■ Your task: The expected output is an exact copy of the lines from the one containing "Эластичная лента для" through the final line of the entries below, with no images.

■ Records shown:
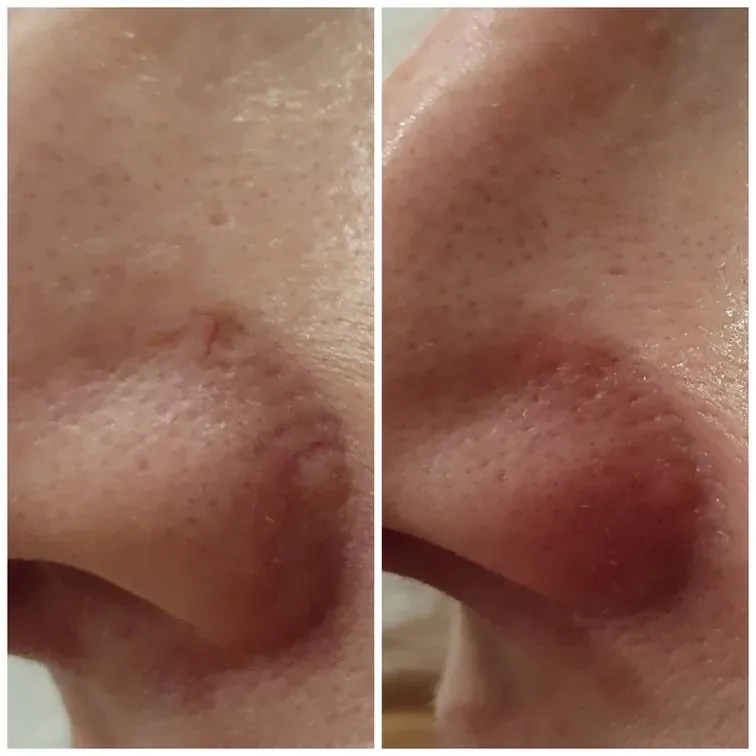 Thermolysis, before and after, result 4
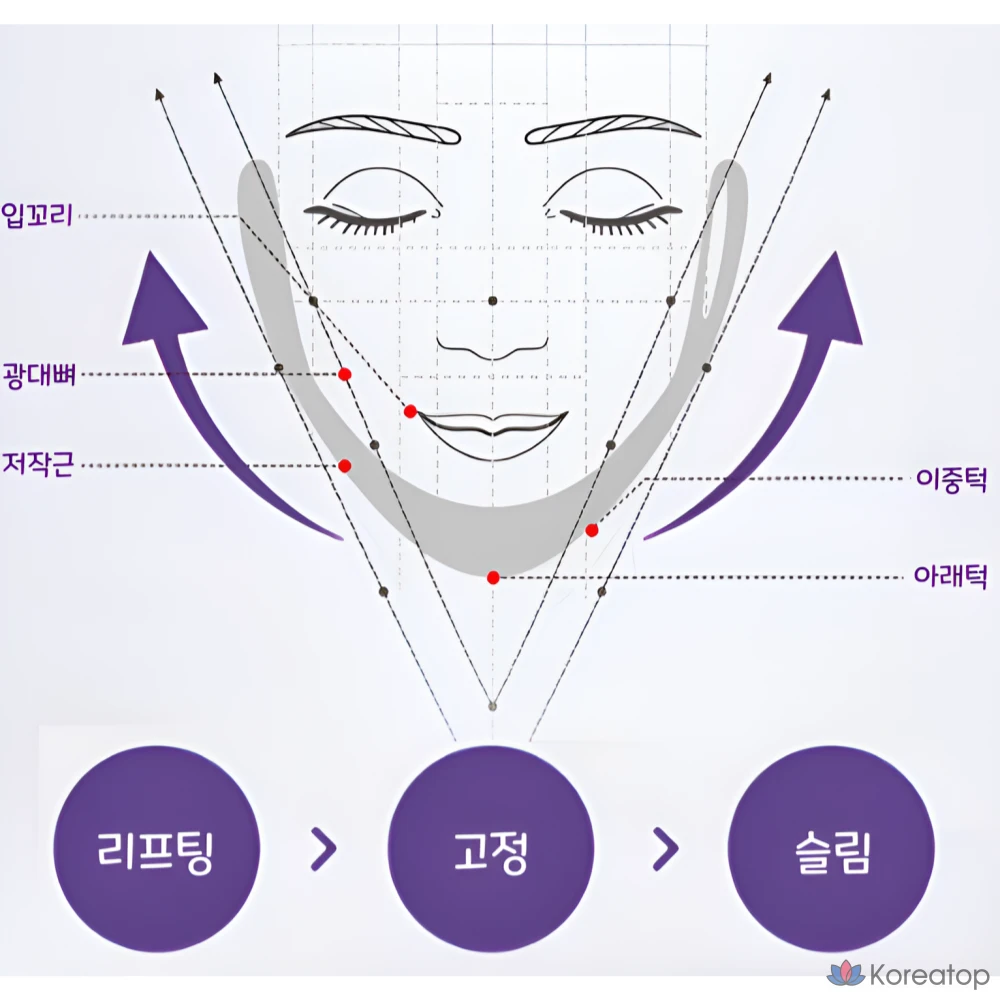Эластичная лента для подтяжки подбородка Shine Root V-Line, 1 шт.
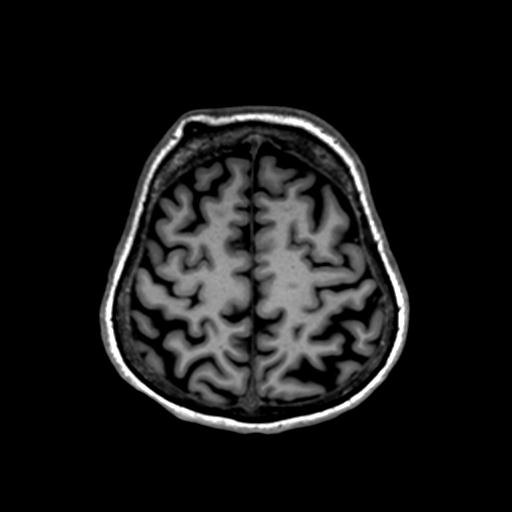 File:Autoimmune limbic encephalitis (Radiopaedia 30363-31005 T1 Axial 1mm 121).jpg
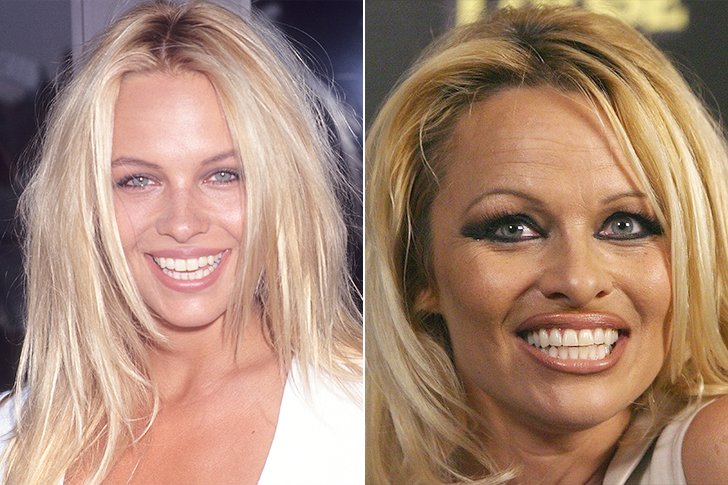 Pamela Anderson toxicomanie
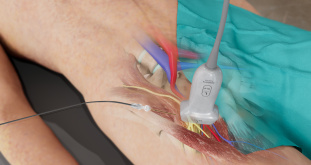 Image of femoral block 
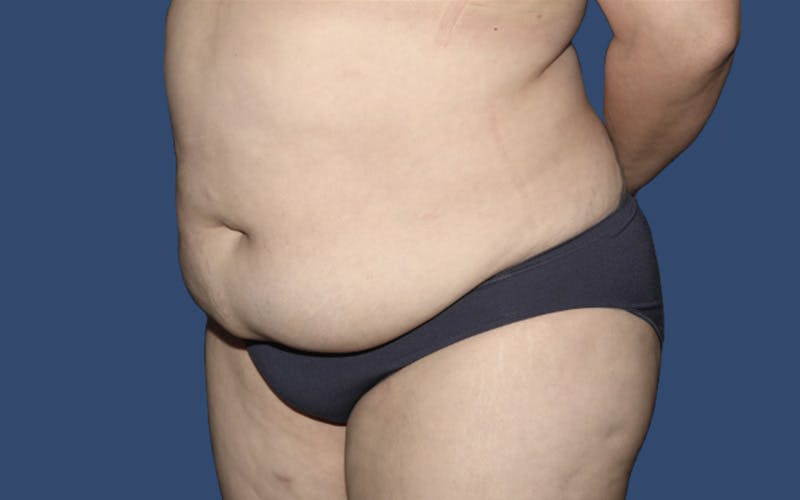 Tummy Tuck Before & After Gallery - Patient 764488 - Image 3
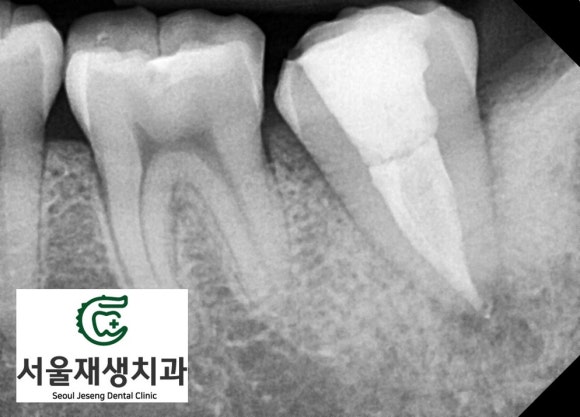 [재신경치료] 치과 종사자도 찾아오는 신경치료 전문치과, 서울재생치과! 관련 이미지 10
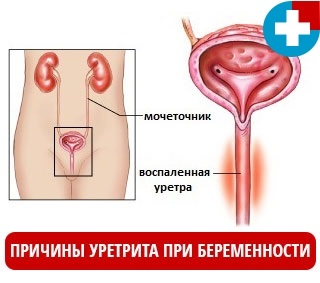 Explicaţia tratamentului uretritei la bărbaţi şi la femei | sanatateeuropeana.ro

■ Answer:
Эластичная лента для подтяжки подбородка Shine Root V-Line, 1 шт.
 File:Autoimmune limbic encephalitis (Radiopaedia 30363-31005 T1 Axial 1mm 121).jpg
 Pamela Anderson toxicomanie
 Image of femoral block 
 Tummy Tuck Before & After Gallery - Patient 764488 - Image 3
 [재신경치료] 치과 종사자도 찾아오는 신경치료 전문치과, 서울재생치과! 관련 이미지 10
 Explicaţia tratamentului uretritei la bărbaţi şi la femei | sanatateeuropeana.ro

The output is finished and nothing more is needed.